Hey-lo! Author here. Glad people generally enjoyed this, sparse though the commentary was. I knew that the premise was already set for me (and given that the coins are "of Chaos," the plot kind of was, too), so I decided to just run with the creepy imagery and hope it worked. :-) A lot of people wondered about the mechanism; I was really just going with the most straightforward cursed artifact I could. You touch it, you're screwed, and nuts to your good intentions if you had any. Just like the indiscriminate disaster it was foregrounding, the Hungry Coin ain't in this to play fair.
When I am listening to a horror story, I have to remember that the characters don't know that they are in a horror story. My first impulse when he found the coin was to say "Listen to the crazy old man! Throw it away! It is clearly cursed!" But that's because I know that the character is in a story.
Even better, this story appeared in a whole
anthology of stories about cursed coins. They really should have seen it coming.
Though as an earlier commenter noted, I'm curious about the mechanism for the cursed coin - is the protagonist now just a bigger, better rabbit (coin-delivery system)? I can't quite recall the calendar date for the story (is there mention of one...? sorry, no time to re-listen just now) BUT could it be set in the earlier years of the great Depression? Perhaps the appearance of the bone-woman closer to a settled area could be linked to increased starvation/famine at that time?
Not explicitly in the way that, like, Dracula brings the rats with him, but certainly the deprivation of the Depression was on my mind when I tried to think of what kind of curse a coin might carry. The curse was inescapable in the same way poverty and loss are. Hunger doesn't care who you are.
The fox choking on the snake choking on the mole clutching the coin was borderline ludicrous but would've been very scary if I'd actually seen it.
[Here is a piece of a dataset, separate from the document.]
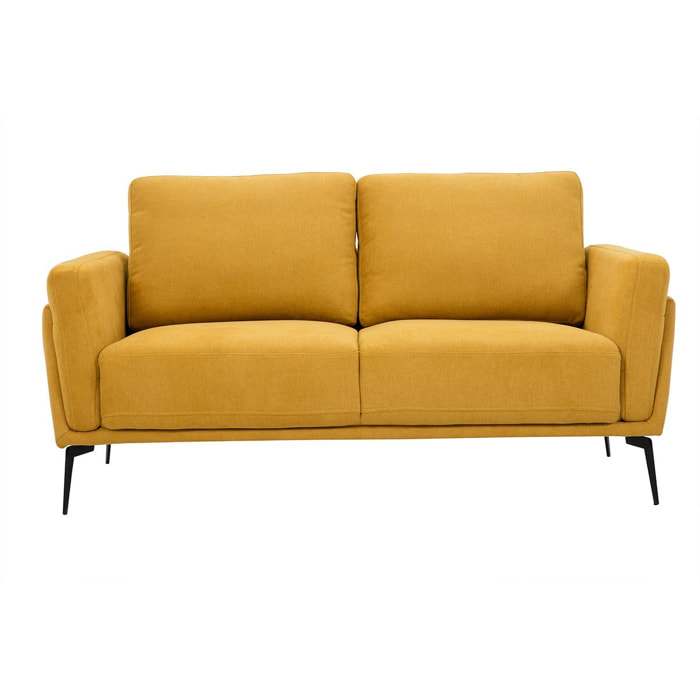 Canapé design 2 places en tissu effet velours texturé jaune moutarde et métal noir MOSCO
Ludicrous and faintly creepy was pretty much my precise goal there. :-D I started with just one thing eating a mole that was clutching the coin and then I was like, "No, man, you can't half-ass this. All the way to the hilt." There's a point where something stops being scary and starts being silly, and then another, smaller point where it starts being scary again. I'm pleased I managed to land the shot in that little dip in the distribution.